Zillow's (Z -0.79%) (ZG -0.68%) business has polarized investors. Company insiders are bullish and have been buying more stock. On the other side of the debate, short-seller Steve Eisman -- profiled in The Big Short -- has publicly argued his bear case.

In this clip from Industry Focus: Energy, Motley Fool contributor Sanchez and Industry Focus host Nick Sciple explain the bull and bear arguments and what to look for in the stock going forward.

To catch full episodes of all The Motley Fool's free podcasts, check out our podcast center. A full transcript follows the video.

This video was recorded on Sept. 5, 2019.

Nick Sciple: As we talked about earlier, it's very early days for this iBuying businesses, Zillow Offers business for Zillow. The numbers haven't quite been as appealing as we would have liked to see so far. But, the business hasn't reached scale yet. How have investors reacted to this so far? It has been a battleground stock on some of these issues.

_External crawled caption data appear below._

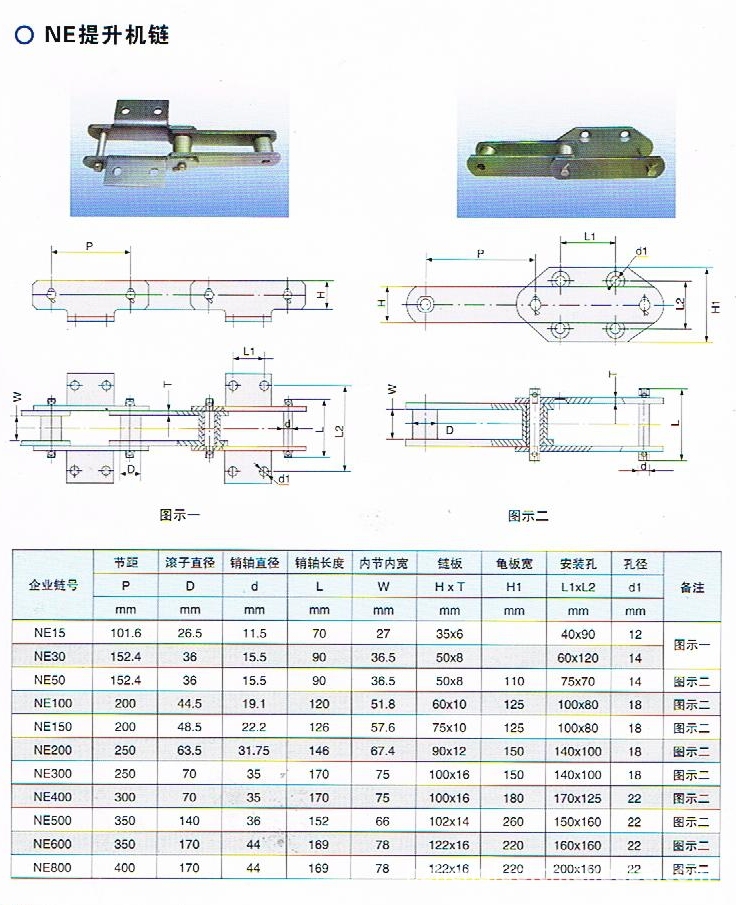 ne斗式提升機鏈條參數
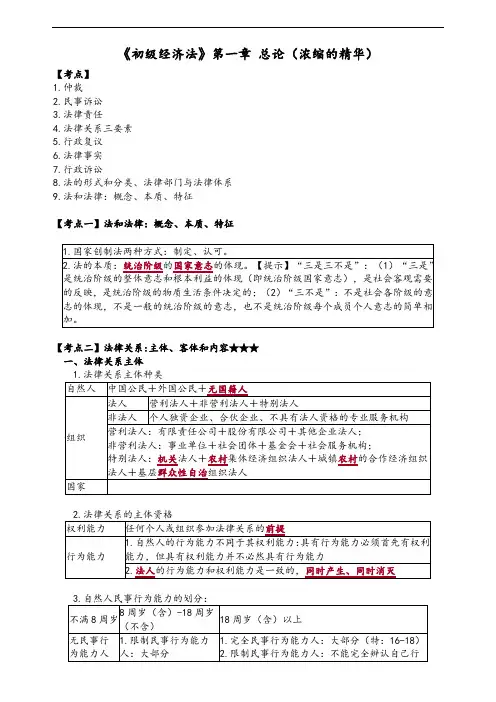 2021年初级经济法——第一章  总论 (重要考点)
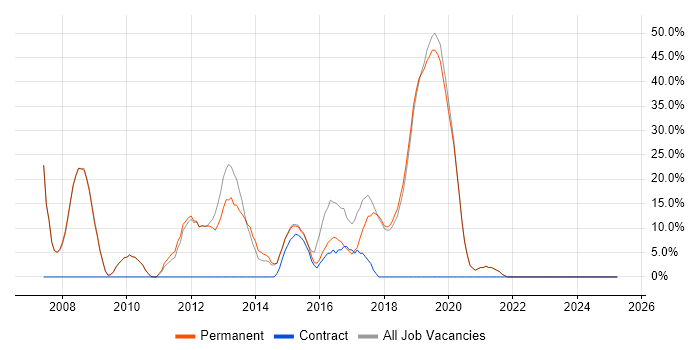 Job vacancy trend for SQL in Clevedon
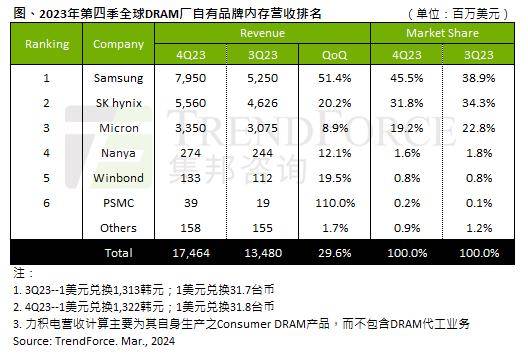 【一周观察】2023年第四季DRAM、NANDFlash、企业级SSD营收；2024年LED光源及灯具二次替换需求预测(图2)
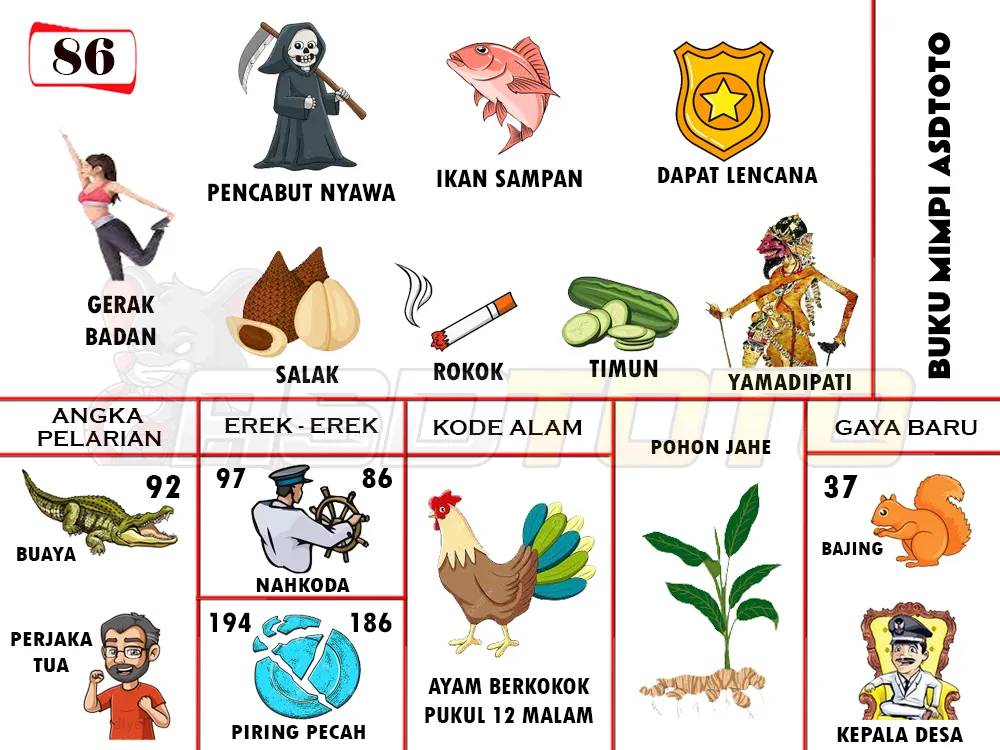 buku mimpi erek erek togel 86
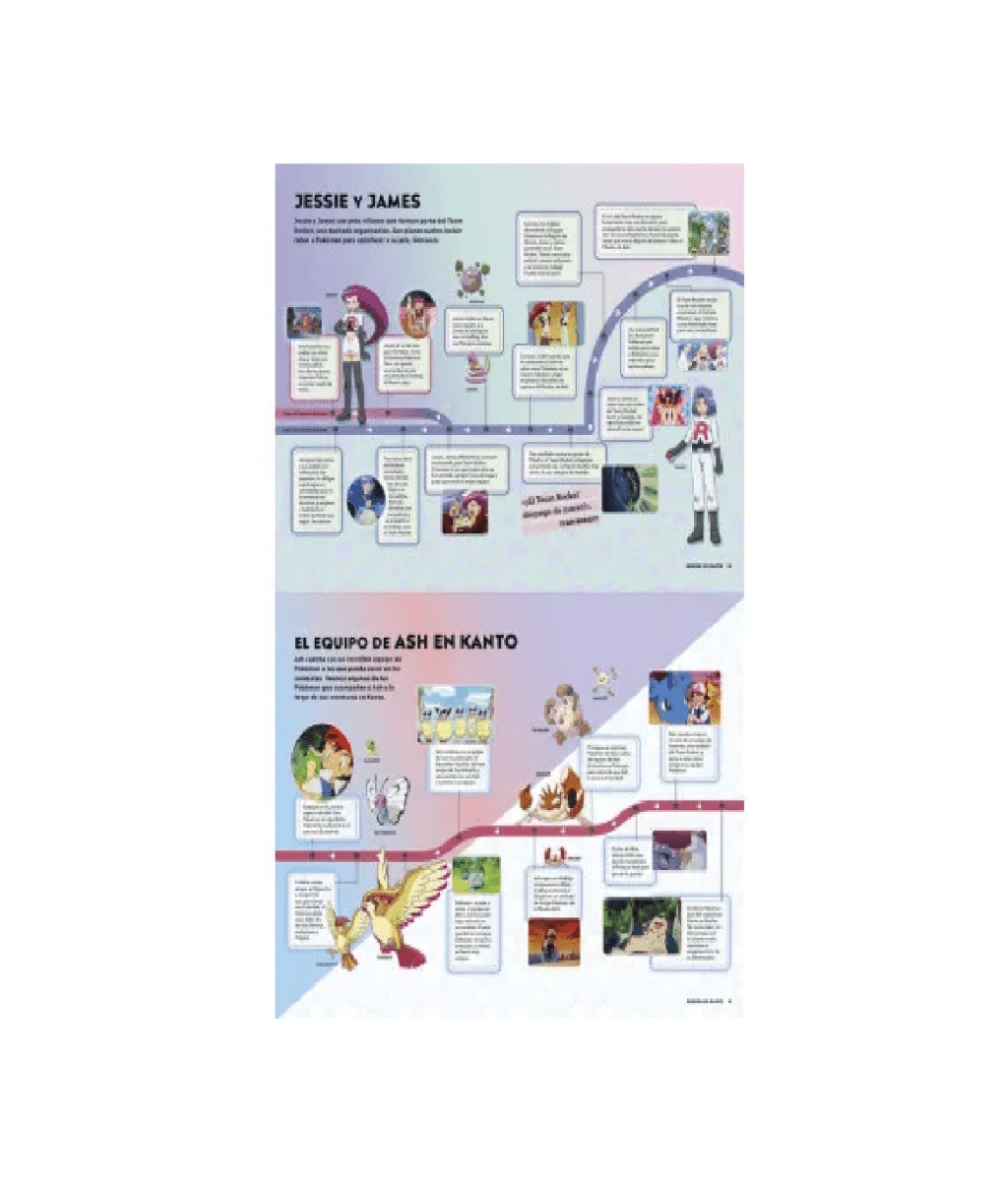 Pokémon. Líneas del tiempo (Colección Pokémon)3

Luis Sanchez: Yeah, for sure. Zillow is certainly turning into a battleground stock. There's a lot of smart people on both sides of the bull/ bear debate here. Obviously, Zillow's insiders are super bullish. Rich Barton actually came back to be the CEO of Zillow earlier in 2019 after he went away to work on other projects, including founding different companies and working with a lot of VC-backed companies. It's worth noting that he was a significant backer of WeWork. Other than Rich Barton, there's actually been a lot of insider buying activity at Zillow. The insiders now own more than 15% of the company. So, they clearly believe in the prospect of iBuying long-term.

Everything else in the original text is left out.